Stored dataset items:
-- Opening Marker --

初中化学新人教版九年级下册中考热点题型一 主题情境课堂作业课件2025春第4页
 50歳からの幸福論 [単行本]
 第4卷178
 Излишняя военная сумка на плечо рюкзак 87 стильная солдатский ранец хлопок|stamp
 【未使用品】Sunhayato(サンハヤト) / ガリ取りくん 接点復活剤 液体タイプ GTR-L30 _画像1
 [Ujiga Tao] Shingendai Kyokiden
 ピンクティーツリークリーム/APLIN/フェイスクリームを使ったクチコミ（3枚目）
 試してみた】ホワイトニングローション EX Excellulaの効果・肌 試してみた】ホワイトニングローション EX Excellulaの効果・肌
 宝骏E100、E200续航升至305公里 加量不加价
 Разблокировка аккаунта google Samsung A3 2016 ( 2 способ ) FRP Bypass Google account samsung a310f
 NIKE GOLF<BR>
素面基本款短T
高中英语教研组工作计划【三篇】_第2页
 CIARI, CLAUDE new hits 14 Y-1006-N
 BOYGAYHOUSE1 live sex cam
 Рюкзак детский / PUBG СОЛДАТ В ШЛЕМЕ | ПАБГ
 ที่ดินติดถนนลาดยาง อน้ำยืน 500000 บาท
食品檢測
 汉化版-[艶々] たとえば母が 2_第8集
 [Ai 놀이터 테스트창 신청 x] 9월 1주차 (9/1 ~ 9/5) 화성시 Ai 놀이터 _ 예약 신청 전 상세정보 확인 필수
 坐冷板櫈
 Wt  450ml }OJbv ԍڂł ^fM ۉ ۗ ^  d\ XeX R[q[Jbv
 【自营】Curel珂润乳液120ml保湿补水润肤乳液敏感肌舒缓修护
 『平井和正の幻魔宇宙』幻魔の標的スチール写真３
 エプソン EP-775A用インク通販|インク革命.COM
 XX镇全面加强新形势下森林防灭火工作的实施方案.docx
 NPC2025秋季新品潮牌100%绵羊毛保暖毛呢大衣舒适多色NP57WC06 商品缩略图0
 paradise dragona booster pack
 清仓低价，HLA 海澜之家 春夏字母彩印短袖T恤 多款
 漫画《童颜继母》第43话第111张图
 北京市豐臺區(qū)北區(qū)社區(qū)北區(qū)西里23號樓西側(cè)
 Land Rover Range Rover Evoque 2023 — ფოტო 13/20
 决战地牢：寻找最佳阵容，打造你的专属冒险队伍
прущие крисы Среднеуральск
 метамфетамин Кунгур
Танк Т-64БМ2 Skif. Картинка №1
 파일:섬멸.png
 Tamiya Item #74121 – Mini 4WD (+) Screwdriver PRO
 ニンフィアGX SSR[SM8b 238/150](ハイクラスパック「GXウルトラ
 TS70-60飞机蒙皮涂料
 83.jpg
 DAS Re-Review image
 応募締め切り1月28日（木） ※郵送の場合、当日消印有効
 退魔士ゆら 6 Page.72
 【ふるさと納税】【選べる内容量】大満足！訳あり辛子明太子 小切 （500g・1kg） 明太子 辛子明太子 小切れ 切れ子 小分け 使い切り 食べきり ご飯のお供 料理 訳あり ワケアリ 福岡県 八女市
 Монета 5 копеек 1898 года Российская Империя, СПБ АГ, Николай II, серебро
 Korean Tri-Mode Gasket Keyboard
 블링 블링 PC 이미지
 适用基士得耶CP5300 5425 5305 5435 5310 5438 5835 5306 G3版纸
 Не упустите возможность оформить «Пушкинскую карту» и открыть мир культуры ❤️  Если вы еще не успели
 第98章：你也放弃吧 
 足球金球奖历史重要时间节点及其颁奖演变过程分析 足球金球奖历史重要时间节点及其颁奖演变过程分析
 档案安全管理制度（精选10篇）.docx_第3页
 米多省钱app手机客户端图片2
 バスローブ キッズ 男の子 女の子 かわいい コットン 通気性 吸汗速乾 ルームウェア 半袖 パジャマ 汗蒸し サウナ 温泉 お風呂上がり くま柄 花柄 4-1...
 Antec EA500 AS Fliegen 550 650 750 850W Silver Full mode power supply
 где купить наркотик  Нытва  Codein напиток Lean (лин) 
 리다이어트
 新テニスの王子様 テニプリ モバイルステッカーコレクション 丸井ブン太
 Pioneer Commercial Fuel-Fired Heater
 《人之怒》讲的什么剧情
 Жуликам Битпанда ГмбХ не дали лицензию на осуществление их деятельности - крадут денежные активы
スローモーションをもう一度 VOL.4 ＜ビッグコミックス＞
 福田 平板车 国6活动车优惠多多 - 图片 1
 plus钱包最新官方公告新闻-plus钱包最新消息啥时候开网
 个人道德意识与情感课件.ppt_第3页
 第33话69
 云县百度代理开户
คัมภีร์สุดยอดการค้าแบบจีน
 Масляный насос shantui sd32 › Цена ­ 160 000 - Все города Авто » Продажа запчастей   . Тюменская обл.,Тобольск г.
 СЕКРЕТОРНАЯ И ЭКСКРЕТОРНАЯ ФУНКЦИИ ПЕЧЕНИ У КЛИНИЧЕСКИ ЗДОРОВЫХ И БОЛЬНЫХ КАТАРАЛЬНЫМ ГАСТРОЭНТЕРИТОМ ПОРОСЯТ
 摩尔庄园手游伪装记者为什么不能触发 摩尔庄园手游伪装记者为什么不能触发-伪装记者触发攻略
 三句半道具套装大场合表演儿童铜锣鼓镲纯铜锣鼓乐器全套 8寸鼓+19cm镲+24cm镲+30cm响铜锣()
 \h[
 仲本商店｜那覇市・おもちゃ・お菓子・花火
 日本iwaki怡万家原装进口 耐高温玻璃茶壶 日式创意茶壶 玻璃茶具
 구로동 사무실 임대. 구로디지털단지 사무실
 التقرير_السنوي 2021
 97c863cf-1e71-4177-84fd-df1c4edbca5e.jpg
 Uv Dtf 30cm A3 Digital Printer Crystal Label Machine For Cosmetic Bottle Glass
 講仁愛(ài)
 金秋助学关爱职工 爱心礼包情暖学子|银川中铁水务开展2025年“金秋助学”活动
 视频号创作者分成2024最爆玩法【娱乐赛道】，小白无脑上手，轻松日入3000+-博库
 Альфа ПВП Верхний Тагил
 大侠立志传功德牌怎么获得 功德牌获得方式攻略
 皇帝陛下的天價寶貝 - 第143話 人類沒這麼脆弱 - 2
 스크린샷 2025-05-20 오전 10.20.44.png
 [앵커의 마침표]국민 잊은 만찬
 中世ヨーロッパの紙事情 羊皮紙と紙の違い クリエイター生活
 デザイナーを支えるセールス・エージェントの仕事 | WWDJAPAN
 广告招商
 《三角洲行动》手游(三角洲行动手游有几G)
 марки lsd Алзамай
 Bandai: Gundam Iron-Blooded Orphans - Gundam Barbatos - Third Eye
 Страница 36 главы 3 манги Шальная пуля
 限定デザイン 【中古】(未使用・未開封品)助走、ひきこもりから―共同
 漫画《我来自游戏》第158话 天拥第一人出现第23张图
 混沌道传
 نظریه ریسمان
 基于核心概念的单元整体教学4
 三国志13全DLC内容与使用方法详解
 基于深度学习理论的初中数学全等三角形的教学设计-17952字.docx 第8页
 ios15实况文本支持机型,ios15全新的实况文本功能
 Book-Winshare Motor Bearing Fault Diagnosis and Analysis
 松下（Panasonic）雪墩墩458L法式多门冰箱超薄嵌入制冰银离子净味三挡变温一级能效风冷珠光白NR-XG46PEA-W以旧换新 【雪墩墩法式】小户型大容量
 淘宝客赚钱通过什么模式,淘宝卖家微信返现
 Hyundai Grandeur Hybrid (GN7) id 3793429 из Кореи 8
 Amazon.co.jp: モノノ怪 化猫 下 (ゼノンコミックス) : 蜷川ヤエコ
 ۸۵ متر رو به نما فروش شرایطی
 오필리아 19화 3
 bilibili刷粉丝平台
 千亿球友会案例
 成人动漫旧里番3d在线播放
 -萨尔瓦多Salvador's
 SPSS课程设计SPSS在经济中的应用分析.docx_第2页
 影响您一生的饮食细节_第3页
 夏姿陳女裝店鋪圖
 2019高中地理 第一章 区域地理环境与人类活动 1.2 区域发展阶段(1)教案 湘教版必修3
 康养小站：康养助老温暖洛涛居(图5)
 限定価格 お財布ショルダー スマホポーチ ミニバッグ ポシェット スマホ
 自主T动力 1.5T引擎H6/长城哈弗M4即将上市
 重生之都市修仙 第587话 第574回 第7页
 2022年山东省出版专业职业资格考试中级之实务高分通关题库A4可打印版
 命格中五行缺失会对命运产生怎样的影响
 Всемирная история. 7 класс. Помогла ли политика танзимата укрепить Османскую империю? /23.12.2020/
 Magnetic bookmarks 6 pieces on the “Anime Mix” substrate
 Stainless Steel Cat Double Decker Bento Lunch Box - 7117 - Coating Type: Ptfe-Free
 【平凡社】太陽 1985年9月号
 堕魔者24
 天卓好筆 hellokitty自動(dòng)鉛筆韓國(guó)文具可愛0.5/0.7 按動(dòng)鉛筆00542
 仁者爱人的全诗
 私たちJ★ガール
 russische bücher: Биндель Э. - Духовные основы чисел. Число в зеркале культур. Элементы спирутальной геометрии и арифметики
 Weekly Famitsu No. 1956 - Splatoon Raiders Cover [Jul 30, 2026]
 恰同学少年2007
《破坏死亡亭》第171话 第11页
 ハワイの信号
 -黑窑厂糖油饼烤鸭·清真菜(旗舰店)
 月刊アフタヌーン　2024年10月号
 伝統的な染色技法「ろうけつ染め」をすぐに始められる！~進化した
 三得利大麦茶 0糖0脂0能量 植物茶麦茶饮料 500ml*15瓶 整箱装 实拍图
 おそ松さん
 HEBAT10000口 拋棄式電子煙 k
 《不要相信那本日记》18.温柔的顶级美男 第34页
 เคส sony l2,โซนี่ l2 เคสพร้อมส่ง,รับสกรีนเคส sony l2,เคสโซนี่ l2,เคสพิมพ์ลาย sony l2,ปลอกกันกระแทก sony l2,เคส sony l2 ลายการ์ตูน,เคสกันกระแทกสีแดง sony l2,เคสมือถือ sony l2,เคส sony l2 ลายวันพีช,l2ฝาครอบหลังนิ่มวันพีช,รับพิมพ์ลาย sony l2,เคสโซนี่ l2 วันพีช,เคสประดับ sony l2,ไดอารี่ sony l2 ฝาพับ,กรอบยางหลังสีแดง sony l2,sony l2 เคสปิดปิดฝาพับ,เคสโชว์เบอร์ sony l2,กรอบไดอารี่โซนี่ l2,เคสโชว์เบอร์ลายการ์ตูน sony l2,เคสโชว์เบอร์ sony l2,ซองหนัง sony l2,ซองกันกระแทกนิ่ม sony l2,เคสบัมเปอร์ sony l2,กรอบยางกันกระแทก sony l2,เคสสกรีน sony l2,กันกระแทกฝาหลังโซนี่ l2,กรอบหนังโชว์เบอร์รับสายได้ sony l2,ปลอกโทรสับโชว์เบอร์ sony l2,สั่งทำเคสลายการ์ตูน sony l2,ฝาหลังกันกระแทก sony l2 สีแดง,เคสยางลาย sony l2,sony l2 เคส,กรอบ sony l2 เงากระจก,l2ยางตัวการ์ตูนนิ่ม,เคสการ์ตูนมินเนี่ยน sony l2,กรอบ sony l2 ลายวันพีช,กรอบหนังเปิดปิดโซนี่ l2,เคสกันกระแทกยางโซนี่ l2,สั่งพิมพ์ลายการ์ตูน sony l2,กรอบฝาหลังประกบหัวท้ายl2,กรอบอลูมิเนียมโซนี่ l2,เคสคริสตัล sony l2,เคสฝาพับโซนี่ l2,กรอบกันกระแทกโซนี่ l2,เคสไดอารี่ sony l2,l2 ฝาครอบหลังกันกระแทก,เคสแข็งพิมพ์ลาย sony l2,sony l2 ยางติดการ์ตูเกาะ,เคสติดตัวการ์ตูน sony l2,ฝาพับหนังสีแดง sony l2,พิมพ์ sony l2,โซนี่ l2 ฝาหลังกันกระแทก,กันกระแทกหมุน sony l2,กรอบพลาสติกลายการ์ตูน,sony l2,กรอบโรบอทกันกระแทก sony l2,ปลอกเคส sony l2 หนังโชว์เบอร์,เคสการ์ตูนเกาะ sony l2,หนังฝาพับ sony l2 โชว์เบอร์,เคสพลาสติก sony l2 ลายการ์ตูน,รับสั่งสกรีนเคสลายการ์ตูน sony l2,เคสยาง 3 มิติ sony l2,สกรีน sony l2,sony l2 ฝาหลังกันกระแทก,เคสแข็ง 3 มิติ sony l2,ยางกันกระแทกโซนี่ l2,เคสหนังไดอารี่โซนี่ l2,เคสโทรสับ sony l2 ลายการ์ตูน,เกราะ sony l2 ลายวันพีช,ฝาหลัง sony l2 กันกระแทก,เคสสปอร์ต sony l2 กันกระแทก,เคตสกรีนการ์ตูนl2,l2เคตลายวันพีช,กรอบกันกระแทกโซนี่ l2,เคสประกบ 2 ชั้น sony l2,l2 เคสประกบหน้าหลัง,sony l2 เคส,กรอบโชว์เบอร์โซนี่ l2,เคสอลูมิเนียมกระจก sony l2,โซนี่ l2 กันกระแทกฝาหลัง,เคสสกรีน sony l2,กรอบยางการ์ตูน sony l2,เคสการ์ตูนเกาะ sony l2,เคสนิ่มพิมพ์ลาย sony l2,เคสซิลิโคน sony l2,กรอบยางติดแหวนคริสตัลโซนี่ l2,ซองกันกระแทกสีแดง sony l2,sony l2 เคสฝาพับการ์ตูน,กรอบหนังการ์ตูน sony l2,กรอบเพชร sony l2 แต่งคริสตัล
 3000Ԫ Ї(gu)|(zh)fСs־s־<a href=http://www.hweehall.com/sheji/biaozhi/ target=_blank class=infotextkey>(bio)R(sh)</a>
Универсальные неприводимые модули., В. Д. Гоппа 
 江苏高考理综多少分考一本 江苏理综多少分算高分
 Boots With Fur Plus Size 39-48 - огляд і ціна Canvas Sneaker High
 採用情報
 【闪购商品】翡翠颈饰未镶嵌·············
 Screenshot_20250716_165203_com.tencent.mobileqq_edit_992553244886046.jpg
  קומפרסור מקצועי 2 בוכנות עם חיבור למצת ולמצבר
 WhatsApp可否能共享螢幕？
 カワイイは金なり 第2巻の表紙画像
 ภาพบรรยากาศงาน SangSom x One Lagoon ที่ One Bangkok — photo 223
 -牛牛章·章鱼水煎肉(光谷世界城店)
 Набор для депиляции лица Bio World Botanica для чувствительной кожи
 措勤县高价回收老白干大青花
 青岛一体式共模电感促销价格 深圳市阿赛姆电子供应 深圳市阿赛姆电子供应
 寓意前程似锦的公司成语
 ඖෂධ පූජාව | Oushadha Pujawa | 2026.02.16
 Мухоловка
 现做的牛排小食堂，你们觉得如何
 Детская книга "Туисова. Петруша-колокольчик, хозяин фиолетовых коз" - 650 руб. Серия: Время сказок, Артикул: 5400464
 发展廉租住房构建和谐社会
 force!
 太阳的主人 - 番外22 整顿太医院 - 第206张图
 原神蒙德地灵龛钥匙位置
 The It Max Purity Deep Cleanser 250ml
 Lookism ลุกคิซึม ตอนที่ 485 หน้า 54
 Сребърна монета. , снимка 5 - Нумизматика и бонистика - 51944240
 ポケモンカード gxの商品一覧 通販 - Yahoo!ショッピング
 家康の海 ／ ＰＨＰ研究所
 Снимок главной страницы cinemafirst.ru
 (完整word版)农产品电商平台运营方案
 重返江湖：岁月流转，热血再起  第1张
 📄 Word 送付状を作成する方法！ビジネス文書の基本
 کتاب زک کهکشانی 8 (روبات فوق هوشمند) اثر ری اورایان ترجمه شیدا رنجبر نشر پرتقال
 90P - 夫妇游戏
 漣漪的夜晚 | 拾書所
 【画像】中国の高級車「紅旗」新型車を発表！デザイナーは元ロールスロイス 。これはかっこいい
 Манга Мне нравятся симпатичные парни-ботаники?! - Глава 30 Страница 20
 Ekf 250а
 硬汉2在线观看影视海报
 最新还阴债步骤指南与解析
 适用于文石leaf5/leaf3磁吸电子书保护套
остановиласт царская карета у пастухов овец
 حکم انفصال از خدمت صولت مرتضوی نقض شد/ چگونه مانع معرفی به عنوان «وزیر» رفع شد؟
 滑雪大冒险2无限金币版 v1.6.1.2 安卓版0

-- Closing Marker --

■ **Description of the task**
Every line above from the line with "구로동 사무실 임대. 구로디지털단지 사무실" to the line with "2019高中地理 第一章 区域地理环境与人类活动", both included, must be reproduced exactly, and no other line may appear.

■ **Your response**
 구로동 사무실 임대. 구로디지털단지 사무실
 التقرير_السنوي 2021
 97c863cf-1e71-4177-84fd-df1c4edbca5e.jpg
 Uv Dtf 30cm A3 Digital Printer Crystal Label Machine For Cosmetic Bottle Glass
 講仁愛(ài)
 金秋助学关爱职工 爱心礼包情暖学子|银川中铁水务开展2025年“金秋助学”活动
 视频号创作者分成2024最爆玩法【娱乐赛道】，小白无脑上手，轻松日入3000+-博库
 Альфа ПВП Верхний Тагил
 大侠立志传功德牌怎么获得 功德牌获得方式攻略
 皇帝陛下的天價寶貝 - 第143話 人類沒這麼脆弱 - 2
 스크린샷 2025-05-20 오전 10.20.44.png
 [앵커의 마침표]국민 잊은 만찬
 中世ヨーロッパの紙事情 羊皮紙と紙の違い クリエイター生活
 デザイナーを支えるセールス・エージェントの仕事 | WWDJAPAN
 广告招商
 《三角洲行动》手游(三角洲行动手游有几G)
 марки lsd Алзамай
 Bandai: Gundam Iron-Blooded Orphans - Gundam Barbatos - Third Eye
 Страница 36 главы 3 манги Шальная пуля
 限定デザイン 【中古】(未使用・未開封品)助走、ひきこもりから―共同
 漫画《我来自游戏》第158话 天拥第一人出现第23张图
 混沌道传
 نظریه ریسمان
 基于核心概念的单元整体教学4
 三国志13全DLC内容与使用方法详解
 基于深度学习理论的初中数学全等三角形的教学设计-17952字.docx 第8页
 ios15实况文本支持机型,ios15全新的实况文本功能
 Book-Winshare Motor Bearing Fault Diagnosis and Analysis
 松下（Panasonic）雪墩墩458L法式多门冰箱超薄嵌入制冰银离子净味三挡变温一级能效风冷珠光白NR-XG46PEA-W以旧换新 【雪墩墩法式】小户型大容量
 淘宝客赚钱通过什么模式,淘宝卖家微信返现
 Hyundai Grandeur Hybrid (GN7) id 3793429 из Кореи 8
 Amazon.co.jp: モノノ怪 化猫 下 (ゼノンコミックス) : 蜷川ヤエコ
 ۸۵ متر رو به نما فروش شرایطی
 오필리아 19화 3
 bilibili刷粉丝平台
 千亿球友会案例
 成人动漫旧里番3d在线播放
 -萨尔瓦多Salvador's
 SPSS课程设计SPSS在经济中的应用分析.docx_第2页
 影响您一生的饮食细节_第3页
 夏姿陳女裝店鋪圖
 2019高中地理 第一章 区域地理环境与人类活动 1.2 区域发展阶段(1)教案 湘教版必修3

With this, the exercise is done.